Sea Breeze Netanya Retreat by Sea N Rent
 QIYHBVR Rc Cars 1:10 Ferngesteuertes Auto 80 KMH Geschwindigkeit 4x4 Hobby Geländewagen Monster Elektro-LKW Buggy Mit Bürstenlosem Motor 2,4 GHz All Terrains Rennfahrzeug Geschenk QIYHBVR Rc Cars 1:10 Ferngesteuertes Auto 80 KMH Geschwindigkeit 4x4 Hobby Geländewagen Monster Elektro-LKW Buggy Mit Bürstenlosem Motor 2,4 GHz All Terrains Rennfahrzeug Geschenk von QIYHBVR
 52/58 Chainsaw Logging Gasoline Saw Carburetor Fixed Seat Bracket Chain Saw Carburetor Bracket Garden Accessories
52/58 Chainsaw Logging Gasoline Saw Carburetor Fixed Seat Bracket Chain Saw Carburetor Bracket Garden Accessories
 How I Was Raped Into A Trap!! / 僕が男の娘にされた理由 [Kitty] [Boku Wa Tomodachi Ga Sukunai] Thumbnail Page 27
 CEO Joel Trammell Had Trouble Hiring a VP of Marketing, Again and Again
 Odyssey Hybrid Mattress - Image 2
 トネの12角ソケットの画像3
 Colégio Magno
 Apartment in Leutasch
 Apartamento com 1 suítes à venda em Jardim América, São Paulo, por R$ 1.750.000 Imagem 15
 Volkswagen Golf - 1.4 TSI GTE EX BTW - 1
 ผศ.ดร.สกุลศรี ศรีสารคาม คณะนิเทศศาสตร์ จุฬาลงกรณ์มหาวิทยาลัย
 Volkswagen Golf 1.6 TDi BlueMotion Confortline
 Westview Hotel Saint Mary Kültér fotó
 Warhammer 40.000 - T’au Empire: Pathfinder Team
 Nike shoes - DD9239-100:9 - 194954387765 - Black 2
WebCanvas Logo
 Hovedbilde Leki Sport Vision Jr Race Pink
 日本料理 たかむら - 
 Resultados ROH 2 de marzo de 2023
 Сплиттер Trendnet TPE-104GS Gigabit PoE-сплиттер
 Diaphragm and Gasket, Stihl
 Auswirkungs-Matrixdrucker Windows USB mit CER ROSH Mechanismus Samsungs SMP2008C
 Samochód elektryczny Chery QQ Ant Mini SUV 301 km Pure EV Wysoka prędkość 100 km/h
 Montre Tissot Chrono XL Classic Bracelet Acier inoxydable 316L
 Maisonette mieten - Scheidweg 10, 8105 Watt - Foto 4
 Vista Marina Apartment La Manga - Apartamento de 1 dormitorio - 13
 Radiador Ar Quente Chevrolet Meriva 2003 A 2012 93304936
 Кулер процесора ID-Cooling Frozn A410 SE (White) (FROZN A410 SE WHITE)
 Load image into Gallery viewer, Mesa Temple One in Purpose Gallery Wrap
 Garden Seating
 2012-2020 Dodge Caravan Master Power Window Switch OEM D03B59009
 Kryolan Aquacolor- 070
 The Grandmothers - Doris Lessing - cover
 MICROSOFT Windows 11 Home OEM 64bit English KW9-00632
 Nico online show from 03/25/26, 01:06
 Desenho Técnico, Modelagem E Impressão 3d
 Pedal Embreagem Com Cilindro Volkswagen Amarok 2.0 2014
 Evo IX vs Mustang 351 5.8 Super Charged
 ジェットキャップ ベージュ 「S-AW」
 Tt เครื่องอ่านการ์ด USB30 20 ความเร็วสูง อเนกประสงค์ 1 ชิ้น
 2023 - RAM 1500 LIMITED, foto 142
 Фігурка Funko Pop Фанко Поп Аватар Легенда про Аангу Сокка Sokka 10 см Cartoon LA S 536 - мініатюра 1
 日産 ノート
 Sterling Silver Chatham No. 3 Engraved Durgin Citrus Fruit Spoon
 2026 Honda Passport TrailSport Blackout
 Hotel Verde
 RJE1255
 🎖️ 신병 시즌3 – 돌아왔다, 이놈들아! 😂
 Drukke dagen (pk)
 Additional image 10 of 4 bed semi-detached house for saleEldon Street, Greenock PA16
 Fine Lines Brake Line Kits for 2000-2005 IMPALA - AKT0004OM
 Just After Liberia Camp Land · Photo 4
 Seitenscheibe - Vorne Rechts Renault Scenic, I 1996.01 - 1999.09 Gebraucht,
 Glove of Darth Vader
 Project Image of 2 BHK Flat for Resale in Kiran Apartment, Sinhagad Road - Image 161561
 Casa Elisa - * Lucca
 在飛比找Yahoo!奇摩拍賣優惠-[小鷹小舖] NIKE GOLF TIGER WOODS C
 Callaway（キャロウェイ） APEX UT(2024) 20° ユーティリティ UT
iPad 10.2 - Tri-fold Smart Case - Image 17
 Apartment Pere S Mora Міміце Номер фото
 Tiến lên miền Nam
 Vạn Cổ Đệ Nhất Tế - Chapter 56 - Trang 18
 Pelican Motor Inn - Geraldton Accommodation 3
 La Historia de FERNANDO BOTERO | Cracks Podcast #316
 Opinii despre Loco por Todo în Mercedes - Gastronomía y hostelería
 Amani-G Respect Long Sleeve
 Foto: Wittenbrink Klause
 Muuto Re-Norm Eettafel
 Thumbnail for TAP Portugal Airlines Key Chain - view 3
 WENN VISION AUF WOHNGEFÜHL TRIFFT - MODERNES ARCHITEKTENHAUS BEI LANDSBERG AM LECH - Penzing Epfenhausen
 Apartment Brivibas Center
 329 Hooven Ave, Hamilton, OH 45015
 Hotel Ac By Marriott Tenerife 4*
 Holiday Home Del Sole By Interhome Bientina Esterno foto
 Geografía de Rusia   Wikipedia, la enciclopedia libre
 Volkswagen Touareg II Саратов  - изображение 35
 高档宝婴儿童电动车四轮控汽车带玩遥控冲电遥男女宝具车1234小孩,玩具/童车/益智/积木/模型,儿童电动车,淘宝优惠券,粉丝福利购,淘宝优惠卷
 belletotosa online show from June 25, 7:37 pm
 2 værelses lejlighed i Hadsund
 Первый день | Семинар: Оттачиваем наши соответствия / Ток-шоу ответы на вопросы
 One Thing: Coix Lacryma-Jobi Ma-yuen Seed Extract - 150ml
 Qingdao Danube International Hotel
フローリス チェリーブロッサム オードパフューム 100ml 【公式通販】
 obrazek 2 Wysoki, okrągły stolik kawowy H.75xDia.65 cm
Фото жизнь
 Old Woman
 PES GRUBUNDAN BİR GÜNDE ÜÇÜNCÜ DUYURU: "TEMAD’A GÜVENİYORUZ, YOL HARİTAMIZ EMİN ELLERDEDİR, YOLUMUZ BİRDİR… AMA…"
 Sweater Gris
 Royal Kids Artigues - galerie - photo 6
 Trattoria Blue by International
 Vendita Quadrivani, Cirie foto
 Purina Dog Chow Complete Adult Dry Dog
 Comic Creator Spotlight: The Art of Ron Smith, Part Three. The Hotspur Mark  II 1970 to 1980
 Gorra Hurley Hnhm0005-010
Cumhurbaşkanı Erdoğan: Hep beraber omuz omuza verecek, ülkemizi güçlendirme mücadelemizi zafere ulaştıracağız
————
Please transcribe only the lines in the records above running from the line that has "Hotel Verde" through the line that has "Apartment Pere S Mora Міміце Номер фото", both included, exactly as they appear.

Exercise output:
 Hotel Verde
 RJE1255
 🎖️ 신병 시즌3 – 돌아왔다, 이놈들아! 😂
 Drukke dagen (pk)
 Additional image 10 of 4 bed semi-detached house for saleEldon Street, Greenock PA16
 Fine Lines Brake Line Kits for 2000-2005 IMPALA - AKT0004OM
 Just After Liberia Camp Land · Photo 4
 Seitenscheibe - Vorne Rechts Renault Scenic, I 1996.01 - 1999.09 Gebraucht,
 Glove of Darth Vader
 Project Image of 2 BHK Flat for Resale in Kiran Apartment, Sinhagad Road - Image 161561
 Casa Elisa - * Lucca
 在飛比找Yahoo!奇摩拍賣優惠-[小鷹小舖] NIKE GOLF TIGER WOODS C
 Callaway（キャロウェイ） APEX UT(2024) 20° ユーティリティ UT
iPad 10.2 - Tri-fold Smart Case - Image 17
 Apartment Pere S Mora Міміце Номер фото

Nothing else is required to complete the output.